§ What the task asks
Starting at the top line and ending at the bottom one, repeat the entries exactly and drop every picture.

[[ Material provided open ]]

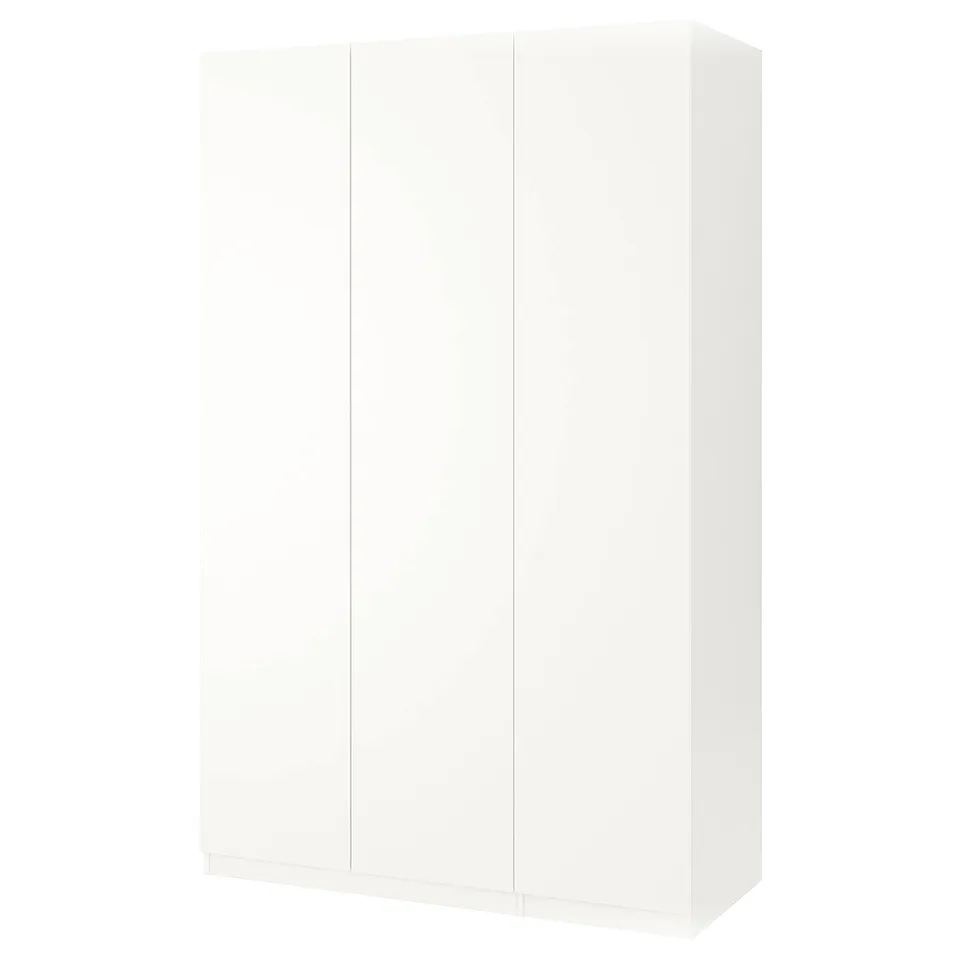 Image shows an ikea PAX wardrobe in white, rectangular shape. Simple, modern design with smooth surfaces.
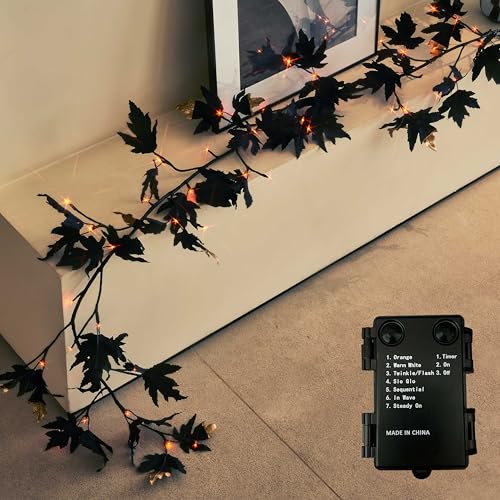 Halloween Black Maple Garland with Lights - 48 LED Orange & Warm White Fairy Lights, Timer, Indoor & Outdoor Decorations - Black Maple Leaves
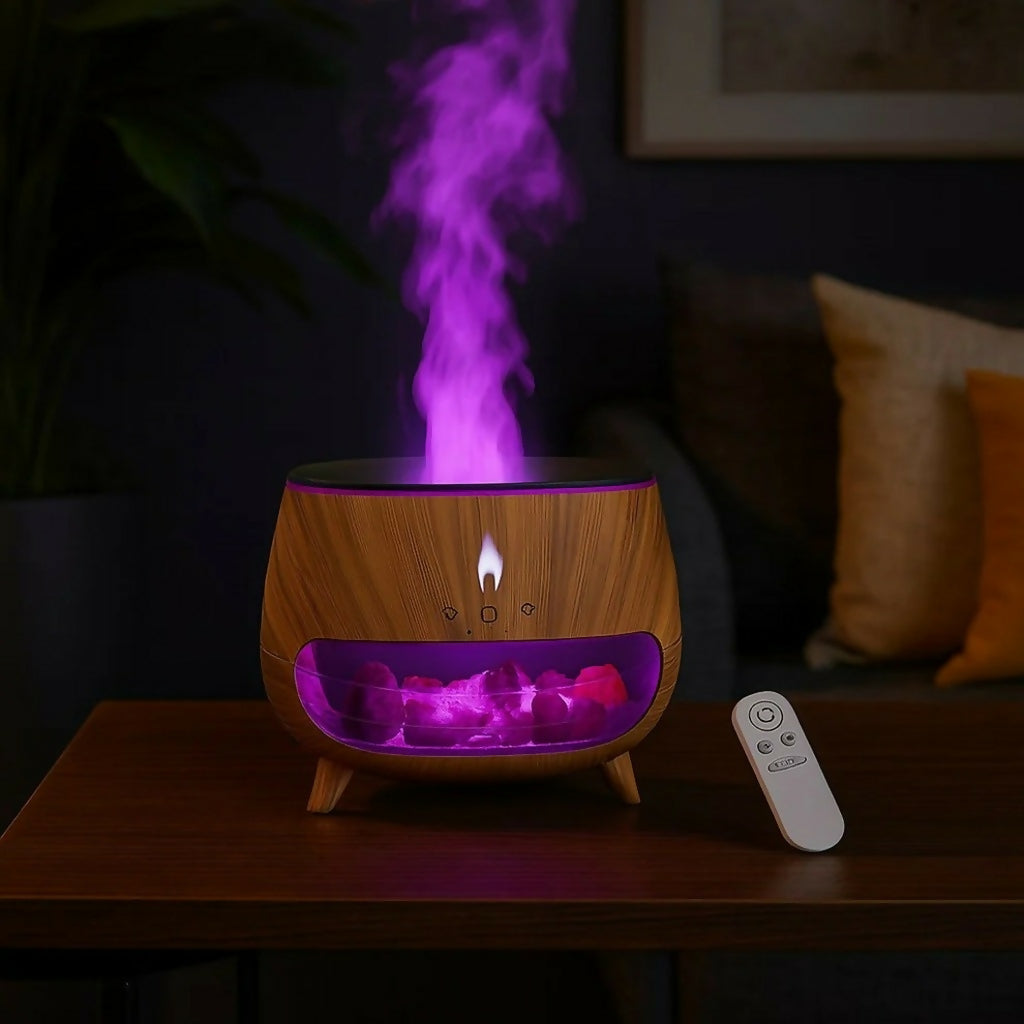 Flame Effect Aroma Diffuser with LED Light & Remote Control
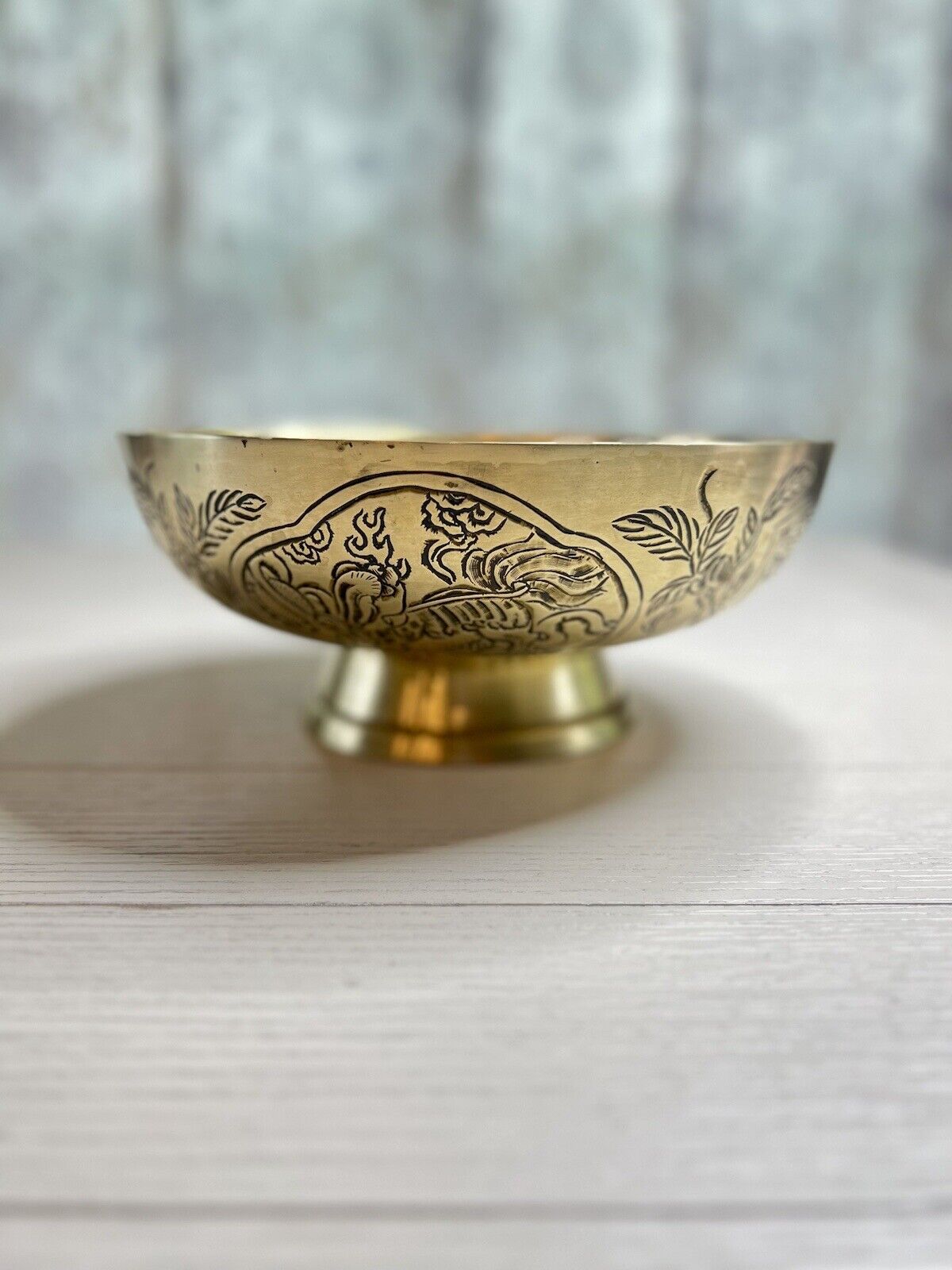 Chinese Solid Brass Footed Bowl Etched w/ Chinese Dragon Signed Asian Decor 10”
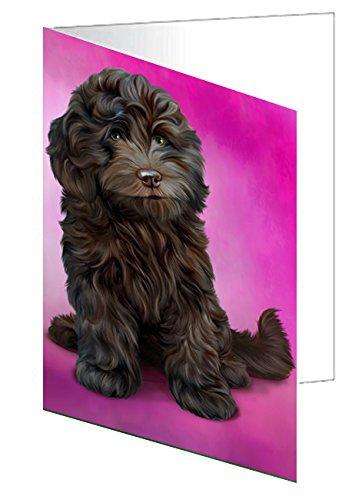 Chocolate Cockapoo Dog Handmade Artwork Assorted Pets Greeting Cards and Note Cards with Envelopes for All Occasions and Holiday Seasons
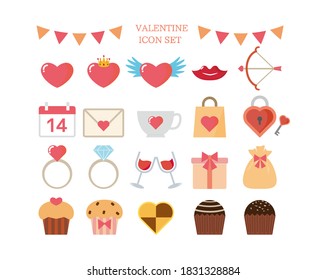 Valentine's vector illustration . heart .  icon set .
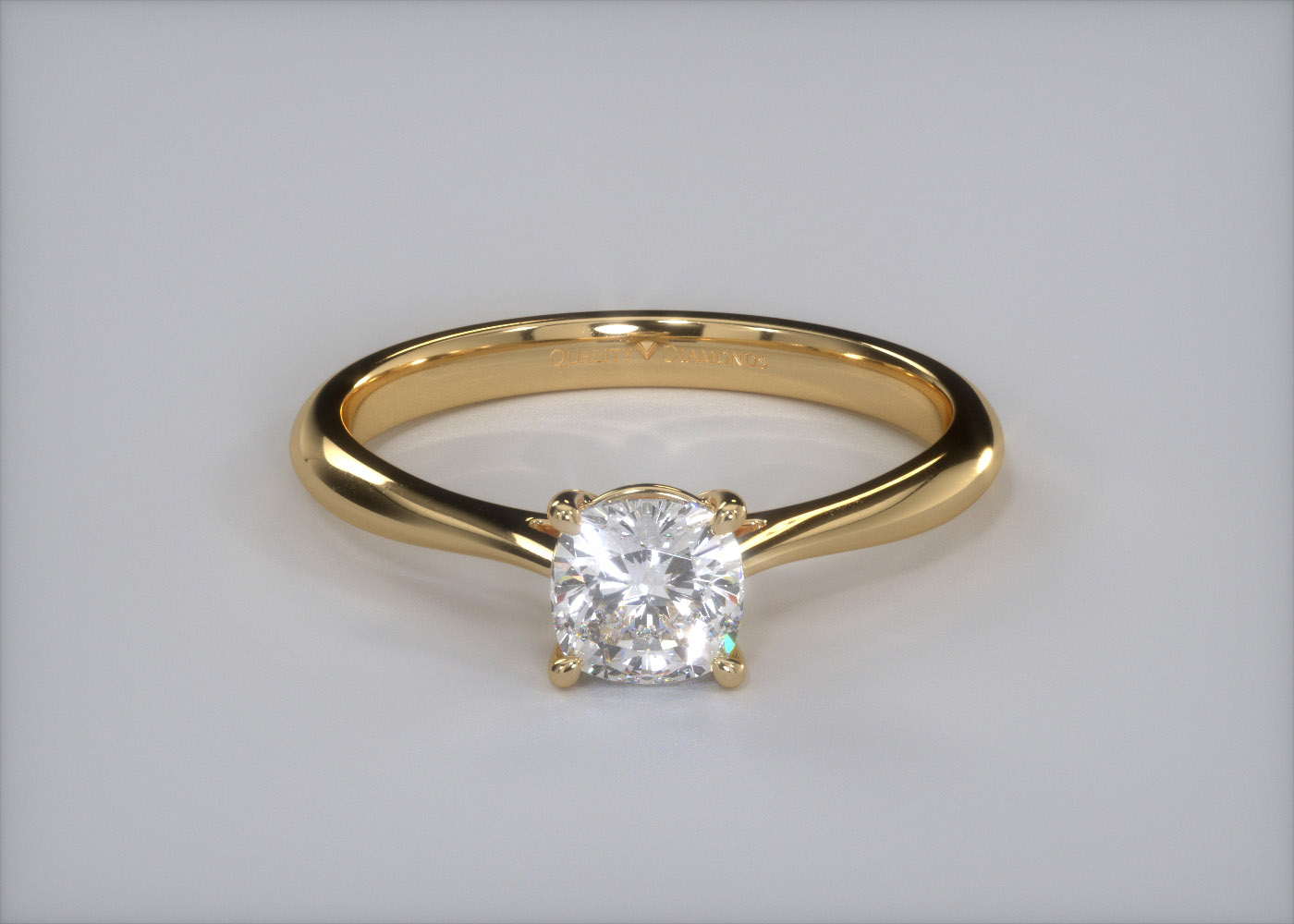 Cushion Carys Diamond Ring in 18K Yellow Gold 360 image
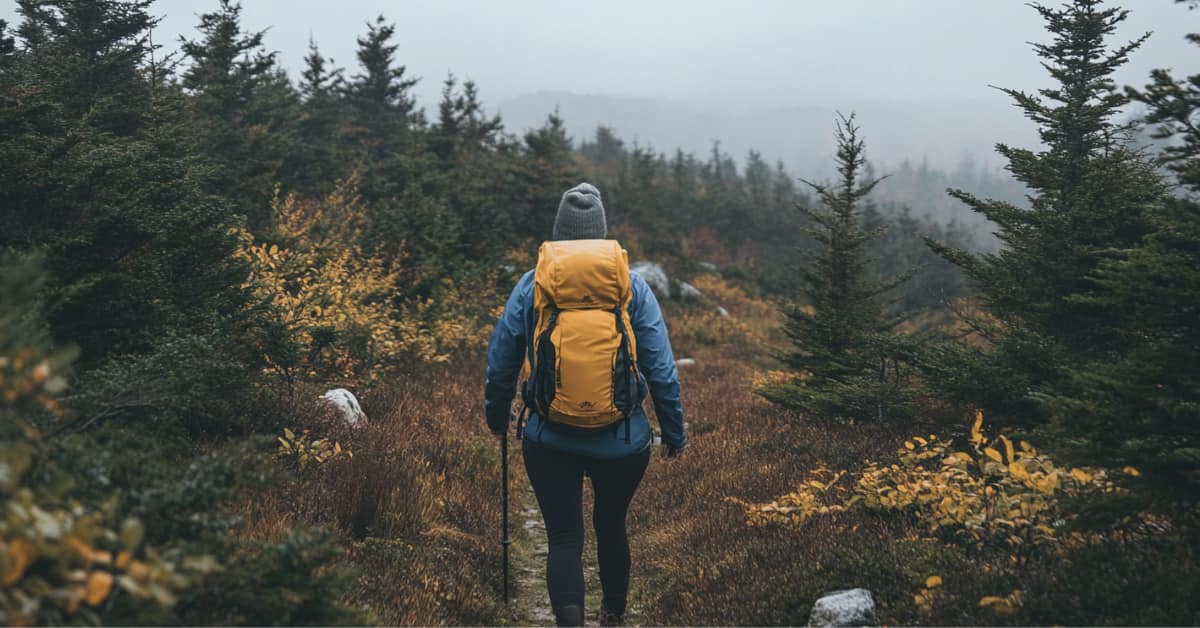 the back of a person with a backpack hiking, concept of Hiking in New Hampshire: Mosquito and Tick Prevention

[[ Material provided closed ]]

§ Solution to this task
 Image shows an ikea PAX wardrobe in white, rectangular shape. Simple, modern design with smooth surfaces.
 Halloween Black Maple Garland with Lights - 48 LED Orange & Warm White Fairy Lights, Timer, Indoor & Outdoor Decorations - Black Maple Leaves
 Flame Effect Aroma Diffuser with LED Light & Remote Control
 Chinese Solid Brass Footed Bowl Etched w/ Chinese Dragon Signed Asian Decor 10”
 Chocolate Cockapoo Dog Handmade Artwork Assorted Pets Greeting Cards and Note Cards with Envelopes for All Occasions and Holiday Seasons
 Valentine's vector illustration . heart .  icon set .
 Cushion Carys Diamond Ring in 18K Yellow Gold 360 image
 the back of a person with a backpack hiking, concept of Hiking in New Hampshire: Mosquito and Tick Prevention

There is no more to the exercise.